— DESCRIPTION OF THE TASK —
Reproduce everything from the line that contains "Le falla el" down to the line that contains "Le Méridien Gurgaon, Delhi NCR" in the listing below, word for word and nothing more. Leave the pictures out.

— AVAILABLE RECORDS —
<<<<
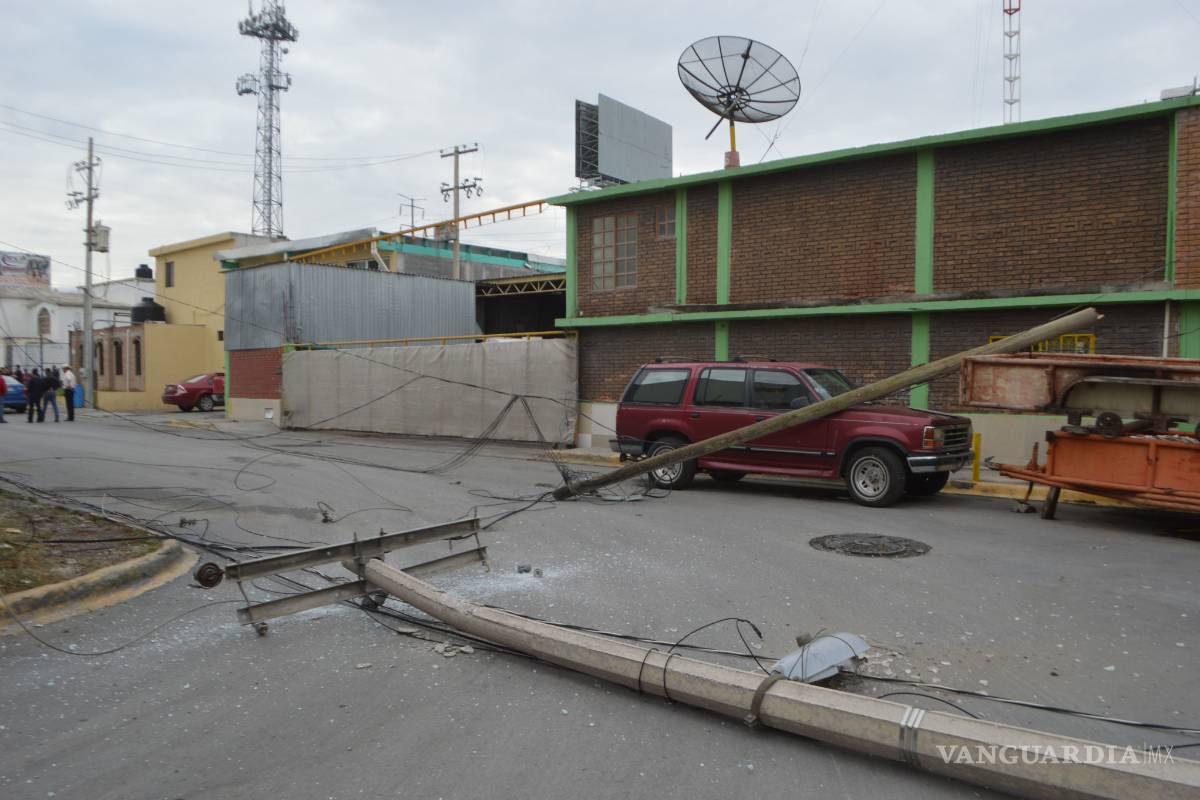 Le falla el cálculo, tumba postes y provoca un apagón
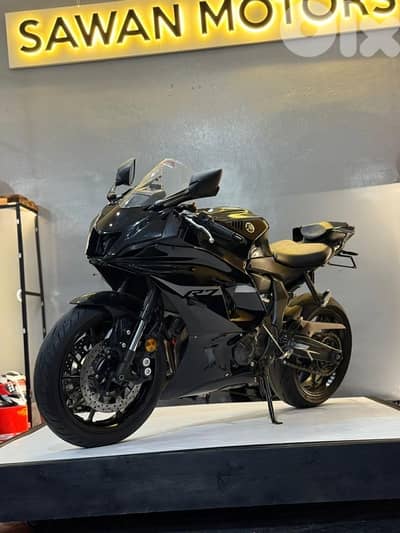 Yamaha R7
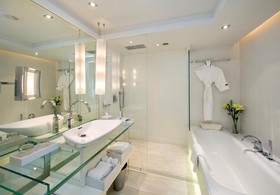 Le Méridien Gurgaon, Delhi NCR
>>>>
<<<<
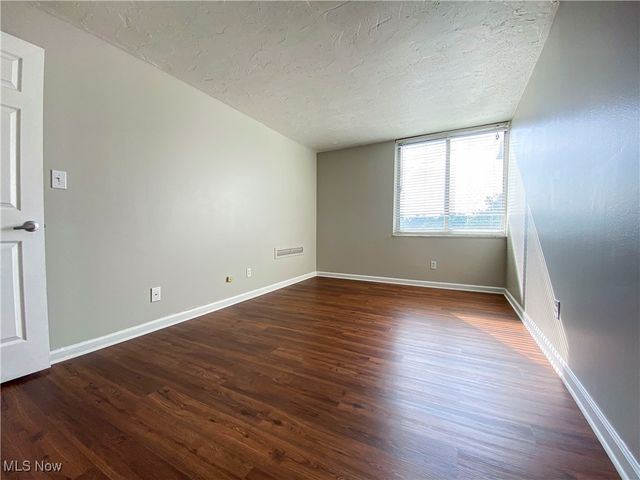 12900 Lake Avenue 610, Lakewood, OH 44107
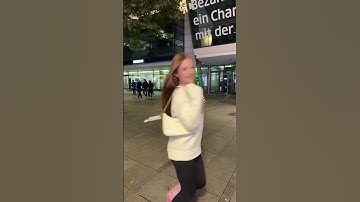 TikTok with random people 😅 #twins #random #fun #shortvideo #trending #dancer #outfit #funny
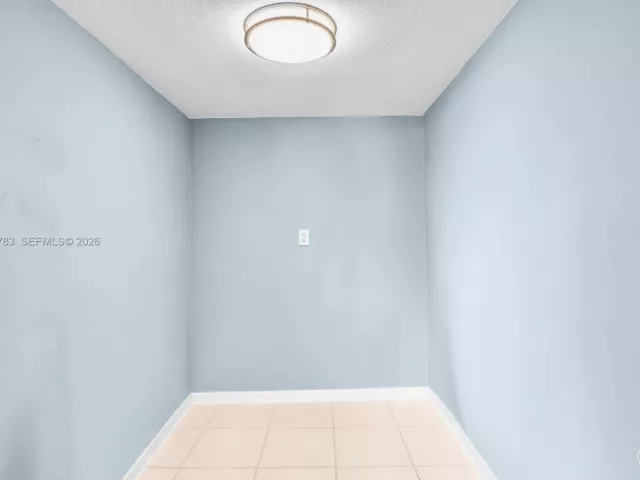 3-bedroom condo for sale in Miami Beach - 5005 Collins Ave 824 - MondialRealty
>>>>
— TASK RESPONSE —
 Le falla el cálculo, tumba postes y provoca un apagón
 Yamaha R7
 Le Méridien Gurgaon, Delhi NCR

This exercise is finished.